How to recognize what is, and what is not tail recursion?

Question

Sometimes it's simple enough (if the self call is the last statement, it's tail recursion), but there are still cases that confuse me. A professor told me that "if there's no instruction to execute after the self-call, it's tail recursion". How about these examples (disregard the fact that they don't make much sense) :

a) This one should be tail recursive, seeing how the self-call is the last statement, and there's nothing left to execute after it.

function foo(n)
{
    if(n == 0)
        return 0;
    else
        return foo(n-2);
}

b) But how about this one? It should be a tail call, because if the condition is true, nothing except it will be executed, but it's not the last statement?

function foo(n)
{
    if(n != 0)
        return foo(n-2);
    else
        return 0;
}

c) How about this one? In both cases, the self call will be the last thing executed :

function foo(n)
{
    if(n == 0)
        return 0;
    else    
    {
        if(n > 100)
            return foo(n - 2);
        else
            return foo(n - 1);
    }
}

Answer 1

It might help you to think about this in terms of how tail-call optimisations are actually implemented. That's not part of the definition, of course, but it does motivate the definition.

Typically when a function is called, the calling code will store any register values that it will need later, on the stack. It will also store a return address, indicating the next instruction after the call. It will do whatever it needs to do to ensure that the stack pointer is set up correctly for the callee. Then it will jump to the target address[*] (in this case, the same function). On return, it knows the return value is in the place specified by the calling convention (register or stack slot).

For a tail call, the caller doesn't do this. It ignores any register values, because it knows it won't need them later. It sets up the stack pointer so that the callee will use the same stack the caller did, and it doesn't set itself up as the return address, it just jumps to the target address. Thus, the callee will overwrite the same stack region, it will put its return value in the same location that the caller would have put its return value, and when it returns, it will not return to its caller, but will return to its caller's caller.

Therefore, informally, a function is tail-recursive when it is possible for a tail call optimisation to occur, and when the target of the tail call is the function itself. The effect is more or less the same as if the function contained a loop, and instead of calling itself, the tail call jumps to the start of the loop. This means there must be no variables needed after the call (and indeed no "work to do", which in a language like C++ means nothing to be destructed), and the return value of the tail call must be returned by the caller.

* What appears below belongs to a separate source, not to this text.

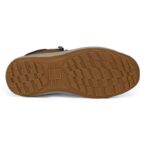 Honey Nubuck Safety Boot Leisure Comfortable, Slip-Resistant Safety Footwear - Image 2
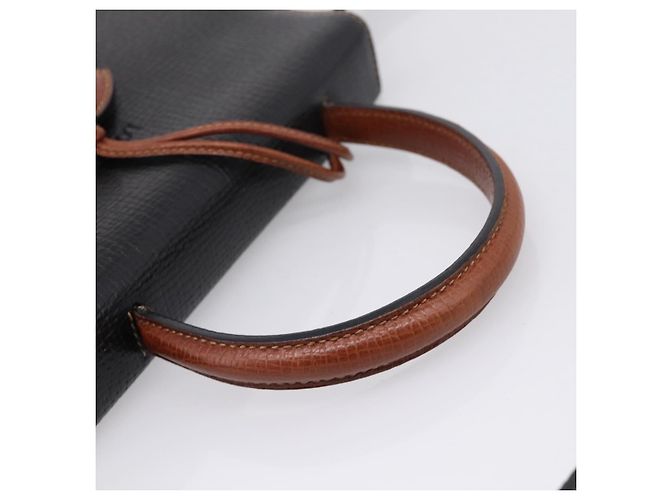 Loewe Barcelona Leather Medium Nero - vista 7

This is all for simple/trivial tail-recursion. There are transformations that can be used to make something tail-recursive which isn't already, for example introducing extra parameters, that store some information used by the "bottom-most" level of recursion, to do work that would otherwise be done on the "way out". So for instance:

int triangle(int n) {
    if (n == 0) return 0;
    return n + triangle(n-1);
}

can be made tail-recursive, either by the programmer or automatically by a smart enough compiler, like this:

int triangle(int n, int accumulator = 0) {
    if (n == 0) return accumulator;
    return triangle(n-1, accumulator + n);
}

Therefore, the former function might be described as "tail recursive" by someone who's talking about a smart enough language/compiler. Be prepared for that variant usage.

[*] Storing a return address, moving the stack pointer, and jumping, may or may not be wrapped up in a single opcode by the architecture, but even if not that's typically what happens.